Please review the media release for more details about the new face covering instruction.
How to safely put on and remove a cloth face mask – demonstration video
What are the updated instructions being given by HPEPH?
The Acting Medical Officer of Health has instructed owners and operators of commercial establishments operating under Stage 2 of the provincial reopening to have policies in place to stop people from entering the establishment if they are not wearing a non-medical mask or face covering. The Acting Medical Officer of Health has instructed owners and operators of all enclosed public spaces operating under Stage 3, that effective Friday July 17, a policy for mandatory face coverings must be in place.
A sample policy template is available for adaption by local establishments.
Please note that municipalities may pass by-laws that have wider implications than instructions issued by the Medical Officer of Health. Please contact these municipalities directly for specific information:
Under what authority are these instructions being issued?
These instructions are being issued by the Acting Medical Officer of Health for HPEPH under the authority of the Ontario Regulation 364/20 – Stage 3 Closures s.4(2), made under the Reopening Ontario (A Flexible Response to COVID-19) Act, 2020 (formerly Ontario Regulation 364/20 – Stage 3 Closures s.4(2) of the provincial Emergency Management and Civil Protection Act (EMCPA)).
When do these instructions come into effect?
Instruction for all enclosed public spaces came into effect at 12:01 am on July 17, 2020.
What is considered an enclosed public space?
Enclosed indoor public space refers to those indoor portions of a premises that are openly accessible to members of the public and include a mall or other structure containing a number of commercial premises, a library or community centre, places of worship, as well as a taxi or limousine service.
What establishments are NOT included in these instructions?
Establishments that do not fall under the definition of an enclosed indoor public space include but are not limited to: Schools, child care centres/camps, business offices that are not open to members of the public, professional offices where clients receive purchased services (e.g., lawyers’ offices) that are not open to members of the public, hospitals, independent health facilities, and offices of regulated health professionals.
Please note that these establishments may be required to comply with other sector-specific directives from the Ministry of Health, which may include face coverings and/or other infection control activities. In addition, some establishments may choose to implement their own their own policies and protocols in place. Please check with the establishment you intend to visit to determine if a face covering is required.
We continue to encourage a non-medical mask or face covering as an additional layer of precaution in all situations where physical distancing may be difficult.
Why has this instruction been expanded to include all enclosed public spaces?
Instruction for mandatory face coverings was initially provided to commercial establishments as it can be challenging to maintain physical distancing in these settings, and there is a higher volume of foot traffic from areas experiencing higher rates of COVID-19. As additional enclosed public spaces with high volumes of traffic are permitted to reopen as part of Stage 3, owners/operators of these spaces are also instructed to develop policies for mandatory face coverings as part of Stage 3 reopening. Commercial and public spaces are likely to have a higher volume of foot traffic from various areas, and additional preventative measures are appropriate in these settings to reduce the risk of transmission. We will continue to monitor the local, provincial, and national situation and make adjustments to our instructions appropriately.
What is considered to be an appropriate face covering?
A face covering means a non-medical mask or other face coverings such as a bandana, a scarf or cloth (including hijab and niqab) that covers the mouth, and nose ensuring a barrier that limits the community transmission. Face shields are not equivalent to non-medical masks or face coverings for source protection and are best suited to be used as addition personal protection equipment in addition to a non-medical mask or other face covering but not alone.
Why make face coverings mandatory now?
As more businesses and public spaces open and people increase their contacts, the risk of a rapid rise in infections and outbreaks continues to exist. Although the number of cases of COVID-19 in the HPEPH area are currently stable, there continues to be a risk of ongoing spread as the reopening process continues.
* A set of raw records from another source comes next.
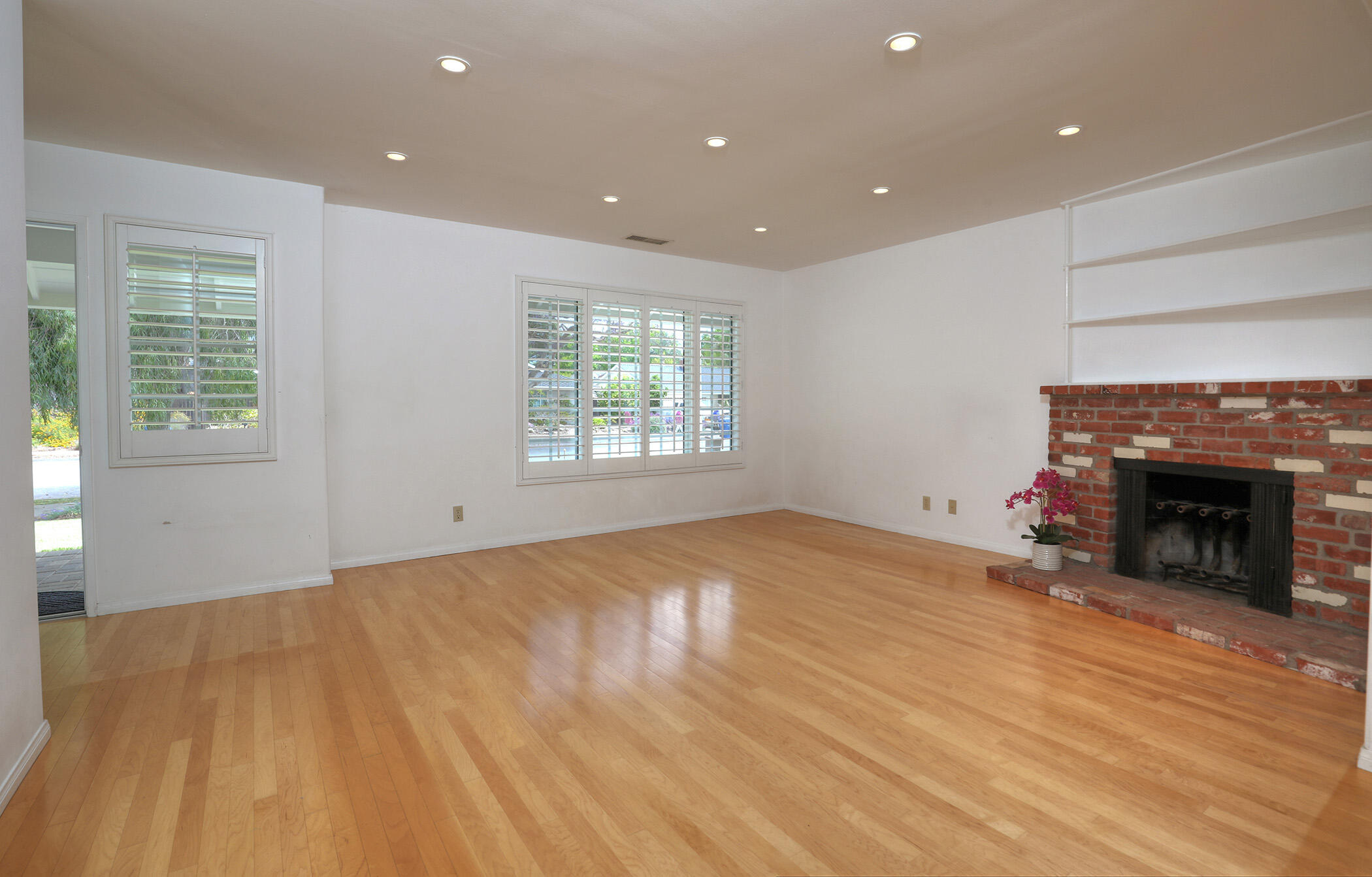 6231 Covington Way Goleta, CA 93117 - Photo 10 of 36 Living Room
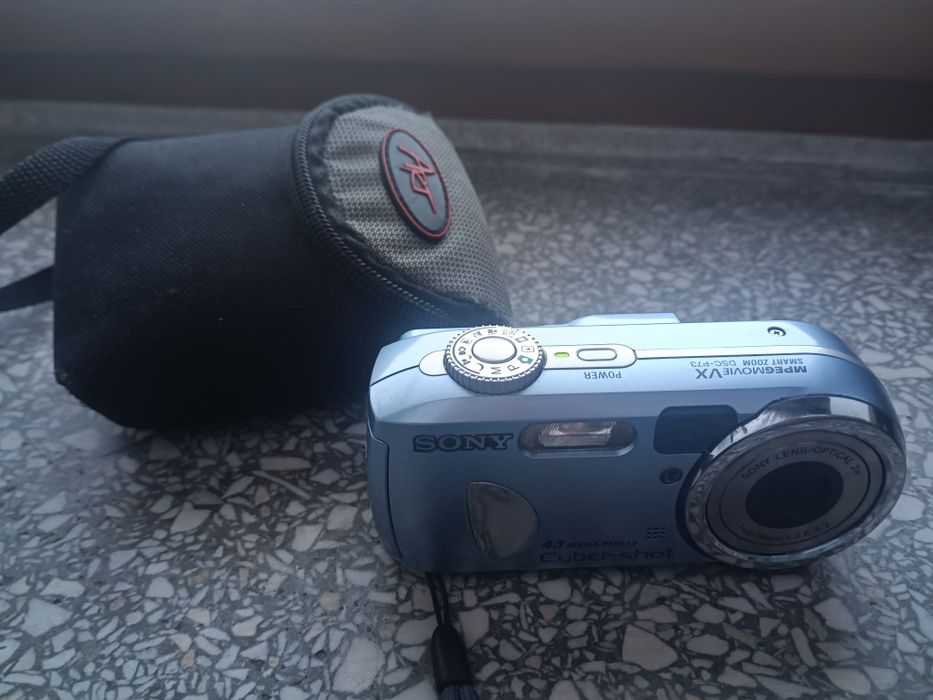 Sony Cyber shot P-73 ! PLUS karta 256mb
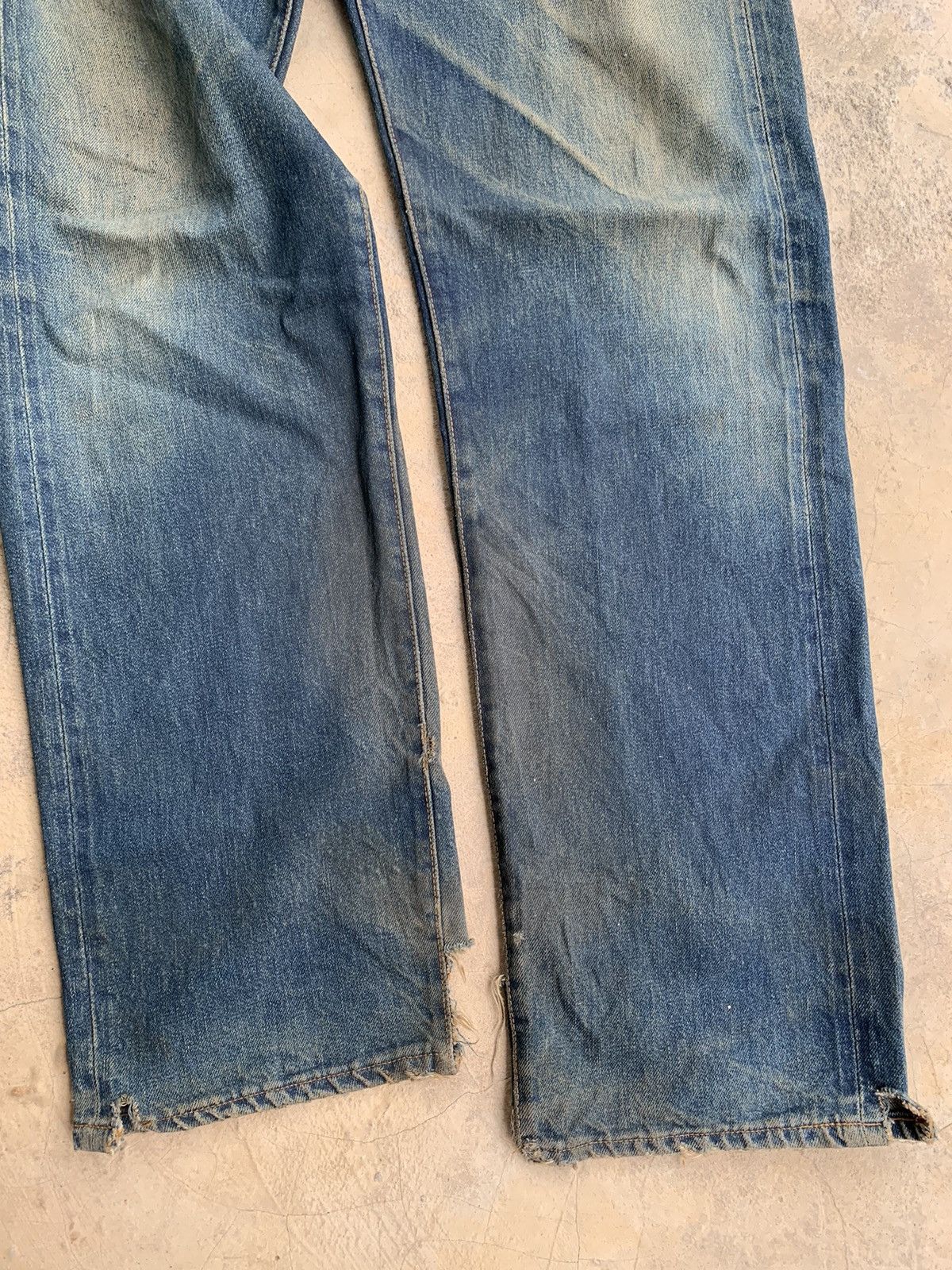 Levi's × Vintage Big E Vintage Levi’s 501 Redline Jeans Selvedge Distressed Size US 29 - 23 Thumbnail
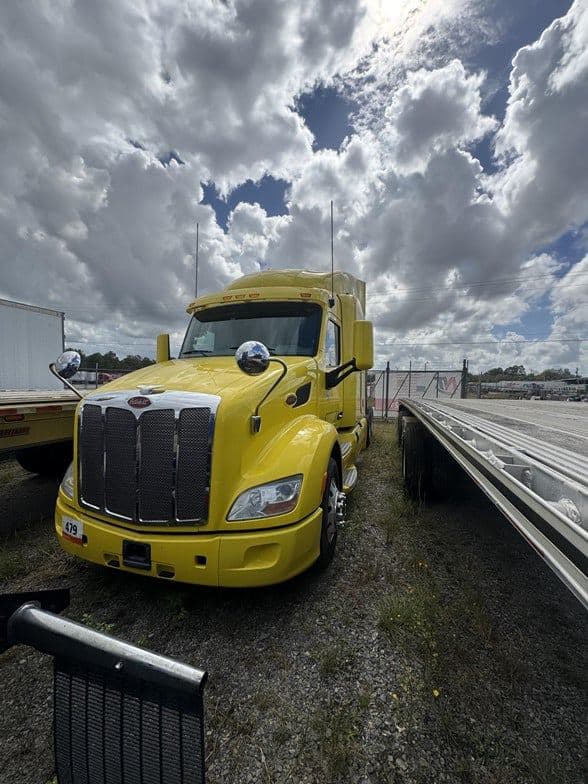 2017 Peterbilt 579 image 1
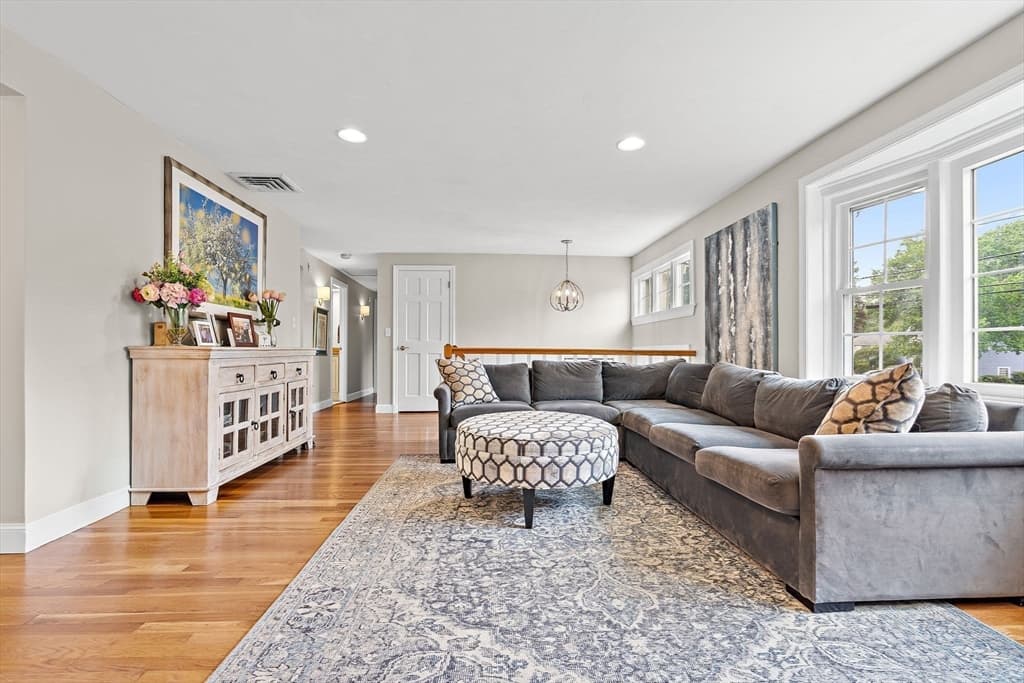 145 Meadowbrook Rd, Needham MA 02492 photo 4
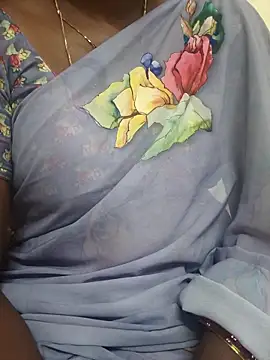 hyd couple7878 online show from December 3, 5:11 pm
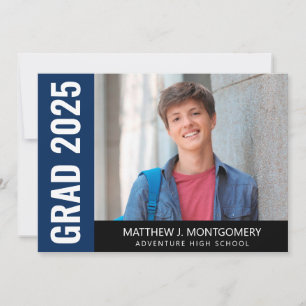 Simple Blue Schwarz-weiß Typografy Foto Graduate Ankündigung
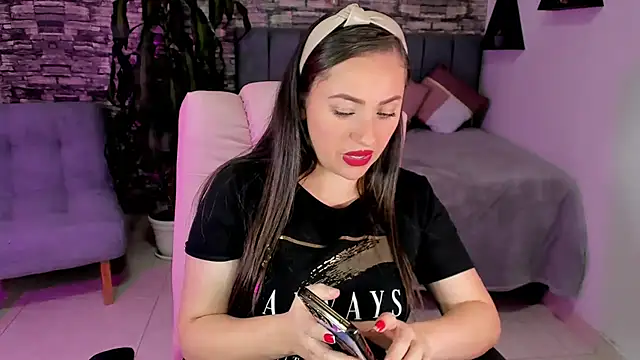  oliviawilde 1 online show from February 2025 04:25:02 AM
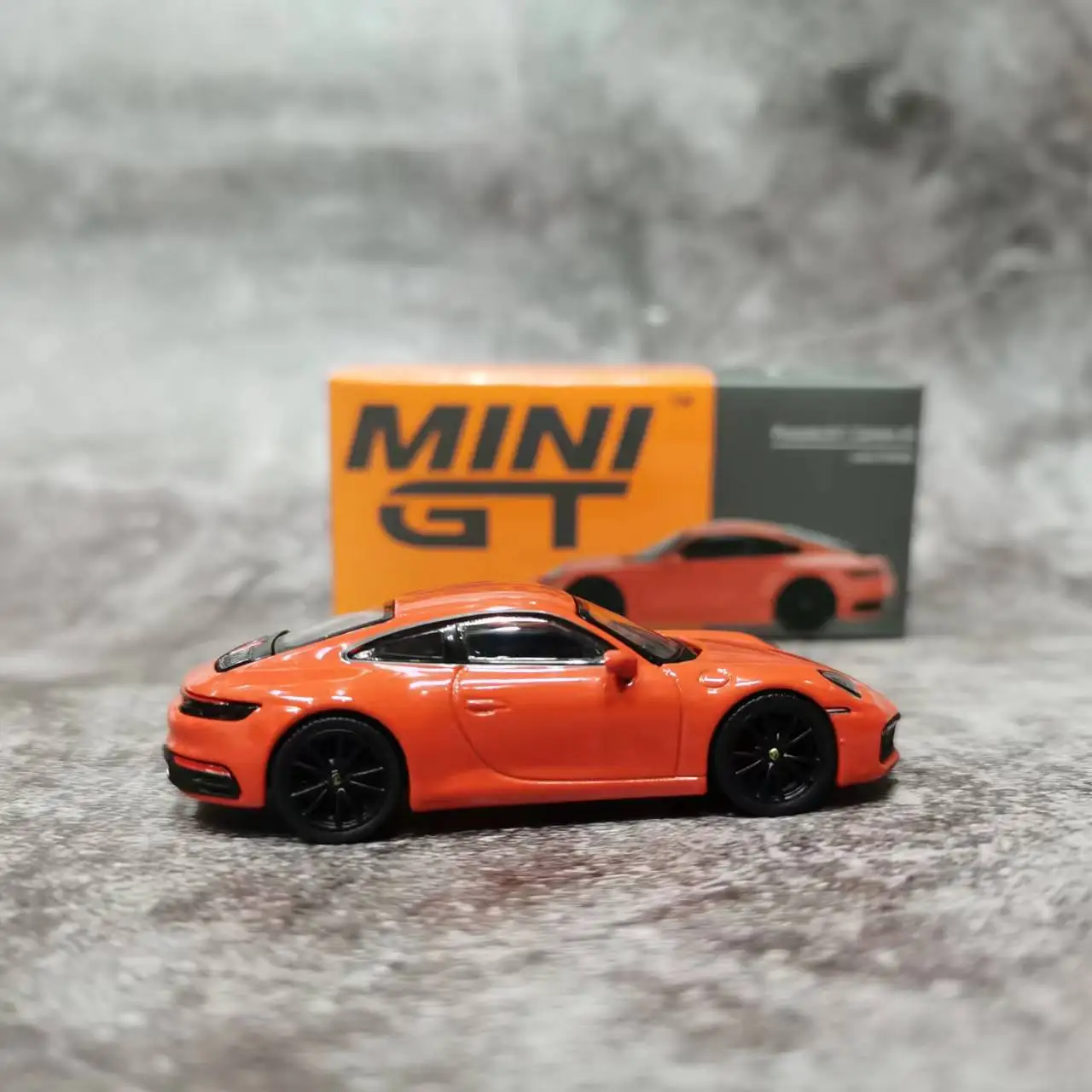 MINI GT 1:64 911 (992) Carrera 4S Zliatiny Die-Cast Modelu Auta - Orange# 371-LHD Obrázok 1 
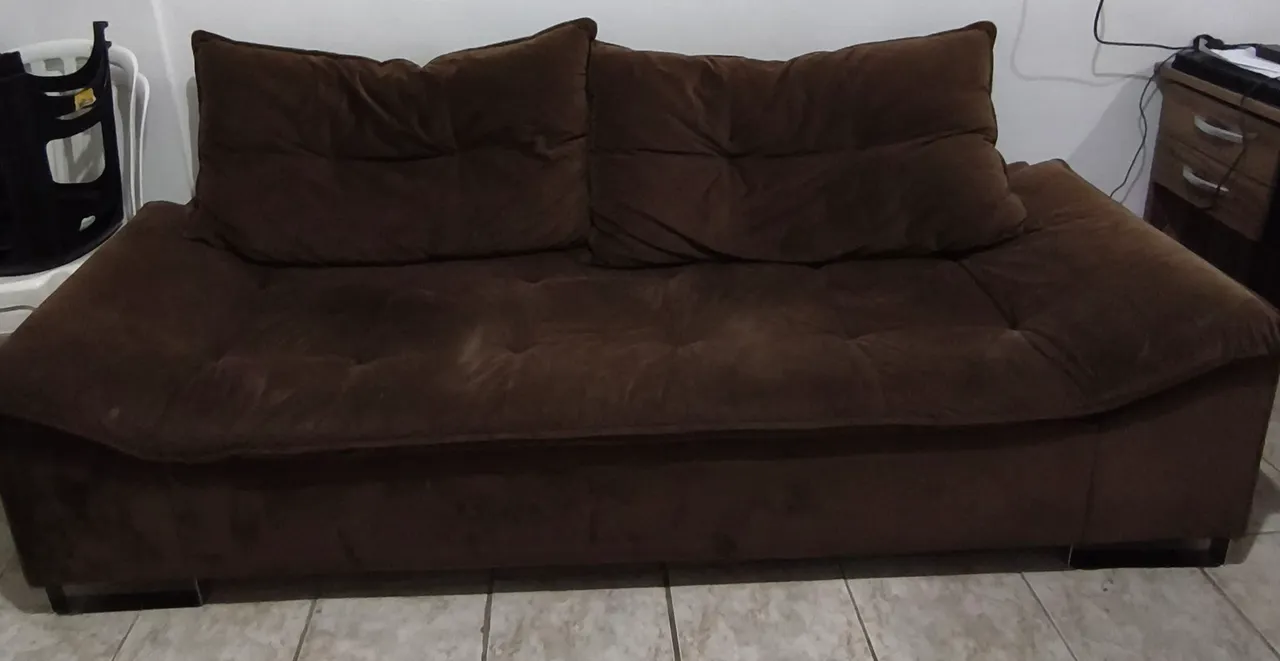 Sofá Marrom Confortável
Increasing scientific evidence supports wearing a mask when in enclosed public spaces as an important additional preventative measure in reducing COVID-19 transmission. Together with physical distancing, hand and cough hygiene, and staying home when ill, the use of a non-medical mask or face covering in an enclosed public space is an additional public health measure that may help prevent the spread of COVID-19 in our communities.
What happens if I don’t wear a face covering?
Every Operator of an Enclosed Public Space will have a policy to ensure that no member of the public is permitted to enter or remain in the public areas of the enclosed public space unless they are wearing a mask in a manner that covers their nose, mouth and chin.
People in an Enclosed Public Space who remove their mask for extended periods of time, will receive a verbal reminder of the requirement to wear a mask under these instructions.
Is anyone exempt from wearing a face covering?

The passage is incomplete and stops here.